I also would like to avoid tricks like creating temporary files.
Thanks again.
Dan
- -----BEGIN PGP SIGNED MESSAGE-----
Hash: SHA1
At 16:50 3/25/2001 +0900, you wrote:
- - -----BEGIN PGP SIGNED MESSAGE-----
Hash: SHA1
On Sun, 25 Mar 2001 14:10, I think Daniel Berger wrote:
> Hi all,
>
> Old Perl programmer, new to Ruby. Is there a method/module out there for
> reading a file backwards?

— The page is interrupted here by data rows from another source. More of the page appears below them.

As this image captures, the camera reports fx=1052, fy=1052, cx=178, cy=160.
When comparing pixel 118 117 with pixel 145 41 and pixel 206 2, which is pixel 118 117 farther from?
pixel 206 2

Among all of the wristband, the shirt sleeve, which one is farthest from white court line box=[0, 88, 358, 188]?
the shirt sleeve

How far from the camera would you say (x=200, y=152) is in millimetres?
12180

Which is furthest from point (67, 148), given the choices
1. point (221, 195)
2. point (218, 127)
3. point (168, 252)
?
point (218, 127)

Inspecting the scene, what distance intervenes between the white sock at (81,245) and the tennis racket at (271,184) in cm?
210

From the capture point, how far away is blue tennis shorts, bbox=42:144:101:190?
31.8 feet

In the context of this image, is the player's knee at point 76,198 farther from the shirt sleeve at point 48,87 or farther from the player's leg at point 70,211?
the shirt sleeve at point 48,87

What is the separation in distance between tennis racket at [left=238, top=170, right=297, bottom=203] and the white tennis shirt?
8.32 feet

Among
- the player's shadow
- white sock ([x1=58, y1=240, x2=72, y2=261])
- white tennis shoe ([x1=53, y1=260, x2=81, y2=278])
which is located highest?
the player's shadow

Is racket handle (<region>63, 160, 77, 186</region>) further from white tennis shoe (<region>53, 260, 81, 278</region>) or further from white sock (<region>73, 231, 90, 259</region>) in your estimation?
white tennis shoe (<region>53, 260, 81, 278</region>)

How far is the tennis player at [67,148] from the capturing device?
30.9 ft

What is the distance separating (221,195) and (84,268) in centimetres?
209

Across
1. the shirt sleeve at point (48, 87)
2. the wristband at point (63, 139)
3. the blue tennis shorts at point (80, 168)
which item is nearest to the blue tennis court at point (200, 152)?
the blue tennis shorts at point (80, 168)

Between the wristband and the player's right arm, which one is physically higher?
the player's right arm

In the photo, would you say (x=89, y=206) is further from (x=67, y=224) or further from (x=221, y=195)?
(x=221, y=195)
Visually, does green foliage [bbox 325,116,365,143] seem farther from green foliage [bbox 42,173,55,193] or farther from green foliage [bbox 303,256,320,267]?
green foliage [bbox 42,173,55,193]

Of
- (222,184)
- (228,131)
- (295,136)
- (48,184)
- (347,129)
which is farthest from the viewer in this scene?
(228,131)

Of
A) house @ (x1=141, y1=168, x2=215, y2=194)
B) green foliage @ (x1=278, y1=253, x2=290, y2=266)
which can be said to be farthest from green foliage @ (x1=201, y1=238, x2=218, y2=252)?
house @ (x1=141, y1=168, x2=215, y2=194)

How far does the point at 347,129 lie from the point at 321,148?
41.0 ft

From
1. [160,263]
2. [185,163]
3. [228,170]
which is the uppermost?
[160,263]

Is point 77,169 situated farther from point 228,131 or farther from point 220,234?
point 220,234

This would be useful for logfiles, for example.
>
> Thanks in advance.
>
> Dan
Hi Dan,
perhaps something like this is what you want?
synack@eugene:~/tmp/fox-0.99.166/textedit$ cat > testFile
line 1
line 2
line 3
synack@eugene:~/tmp/fox-0.99.166/textedit$ irb
irb(main):001:0> f = File.new("testFile")
#<File:0x402281d4>
irb(main):002:0> f.readlines.reverse.each { |line| p line }
"line 3\n"
"line 2\n"
"line 1\n"
["line 3\n", "line 2\n", "line 1\n"]
Here's a little ruby script I use for watching a log file
if(!ARGV[0] || !ARGV[1])
puts "usage ruby tailReverse.rb Filename bytesToRead [interval in secs]"
exit
end
x=ARGV[0]
y=ARGV[1]
z=ARGV[2]
tint=60
if !z
tint=60
else
tint=z.to_i
end
while tint > 0 do
f=File.new(x)
s=f.stat
if s.size <= y.to_i
f.each {|line| puts "#{line}"}
else
f.seek(-y.to_i, IO::SEEK_END)
f.readlines.reverse.each {|line| puts "#{line}"}
end
f.close
puts "--------------------------------------------------"
sleep(tint)
end
-----BEGIN PGP SIGNATURE-----
Version: PGP for Personal Privacy 5.5.2
iQA/AwUBOr4PKNjbcG3JH9DeEQIGsACgpdYtW2+UJWVbroIezgX1O63A9mAAoJYs
/ZXVB3id/VtJz0ZlWyQfwveK
=dQJr
-----END PGP SIGNATURE-----
If you're working under Unix, "tail -n" would be a simple solution.
def last_lines(file, nr_lines)
`tail -n #{nr_lines} #{file}`
end
last_lines("/var/log/messages", 5)
--
Michael Neumann
tell me whether this works for you:
class IO
def reverse_each(&proc)
seek(0,SEEK_END)
i = tell
j = nil
buf = ""
loop do
k = buf.rindex(10,-2)
if k then
proc.call buf.slice!(k+1..-1)
else
if i==0 then proc.call(buf); return self; end
j,i = i,[0,i-4096].max
seek(i,SEEK_SET)
buf = read(j-i) + buf
end
end
end
end
f = File.open("/home/matju/rsa_edit.htm","r")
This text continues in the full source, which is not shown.